What is the first stage of labour?
- From diagnosis of labour –> cervix dilated by 10cm
What are the two periods of first stage of labour?
- Latent phase = a period of time, not necessarily continuous, when there are painful contractions, and some cervical change, including cervical effacement and dilatation up to 4cm
- Established labour = regular painful contractions, and progressive cervical dilatation from 4cm (approx 1cm per hour in nulliparous, 2cm per hour in multiparous) – recommended to have continuous one to one care from midwife.
What is the second stage of labour?
- From full dilation to delivery
* Descent, flexion and rotation –> extension as head delivers
What are the two stages of the second stage of labour?

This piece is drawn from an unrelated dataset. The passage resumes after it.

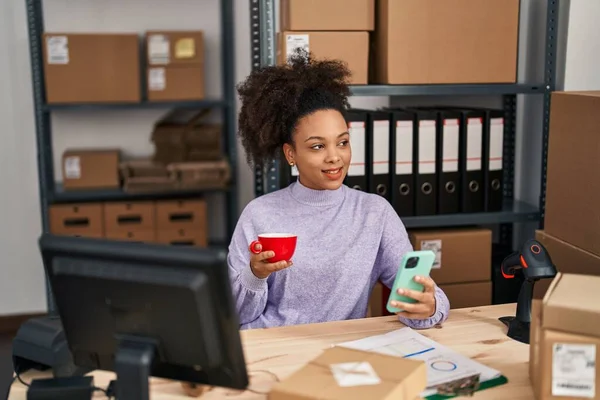 年轻的非洲裔美国女性电子商务工作者在办公室用智能手机喝咖啡 — 图库照片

o Passive stage = From full dilation until head reaches pelvic floor and woman experiences desire to push. Rotation and flexion. Allow maybe an hour or two of this.
o Active stage = When mother is pushing. Once the cervix is 10cm dilated, the head moves down the pelvis and applies pressure to the pelvic floor and causes an irresistible urge to bear down (epidural analgesia may prevent this)

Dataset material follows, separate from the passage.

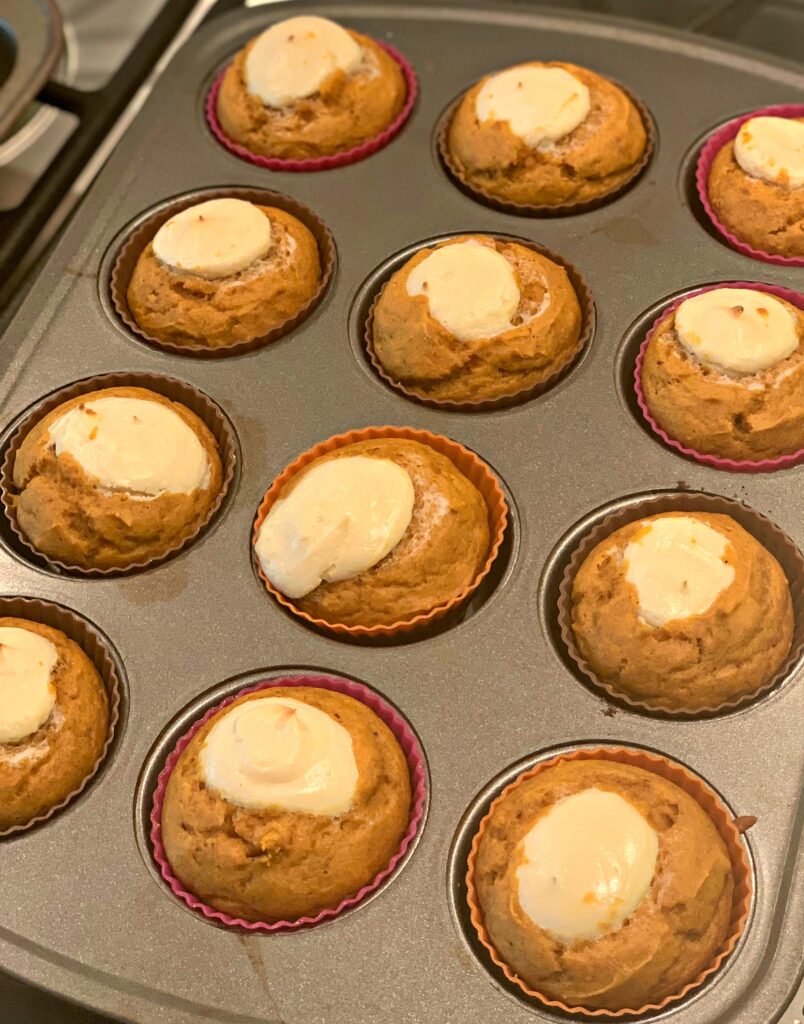 Pumpkin Cream Cheese Muffins in a baking pan from the oven.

Other points about second stage of labour?
- Woman gets in most comfortable position (not supine) and pushes with contractions –> foetus delivered, on average, after 40 minutes (nulliparous) or 20 minutes (multiparous).
- If >1 hour, spontaneous delivery becomes decreasingly likely.
What is the third stage of labour?
From time of delivery of foetus to delivery of placenta.
- Uterine muscle fibres contract –> compress blood vessels formerly supplying placenta –> shears away from uterine wall.
- Lasts about 15 minutes –> blood loss up to 500mL
Active management of third stage of labour?
Reduces the risk of post partum haemorrhage and shortens the length of the 3rd stage
o Routine use of uterotonic drugs (i.e syntometrine) – can increase N+V.
o Deferred clamping and cutting of the cord (>1 min) – evidence that baby benefits from few minutes of maternal circulation – reduces risk of anaemia in baby in next 6 months.
o Controlled cord traction (apply counter-pressure just above the pubic bone to guard the
Physiological management of third stage of labour?
o No routine use of uterotonic drugs
o No clamping of the cord until pulsation has ceased
o Delivery of the placenta by maternal effort.
What are the main causes of foetal damage during labour?
- Foetal hypoxia (distress) = hypoxia that might result in foetal damage or death if not reversed or the foetus delivered urgently
- Infection/inflammation in labour
- Meconium aspiration –> chemical pneumonitis
- Trauma (rarely spontaneous, more commonly due to obstetric intervention)
- Foetal blood loss
What foetal monitoring is warranted in low risk labour?
Intermittent auscultation (sonicaid/Doppler/Pinard’s)
What foetal monitoring is warranted in high risk labour?
Continuous monitoring (i.e. CTG cardiotocograph)
How often is FHR auscultated in labour?
- Auscultated every 15 minutes in first stage, every 5 minutes in second stage – for 60s after a contraction.
- If abnormalities detected –> CTG
What is cardiotocography?
- Records FHR on paper (from transducer on abdomen or clip/probe in vagina on foetal scalp)
Also records uterine contractions
When is scalp electrode indicated in CTG?
poor contact with abdominal transducer, high BMI, twins, abdominal scarring.
Problem with CTG?
False positive rate = high –> confirmation of hypoxia should be made by FBS if CTG concerning.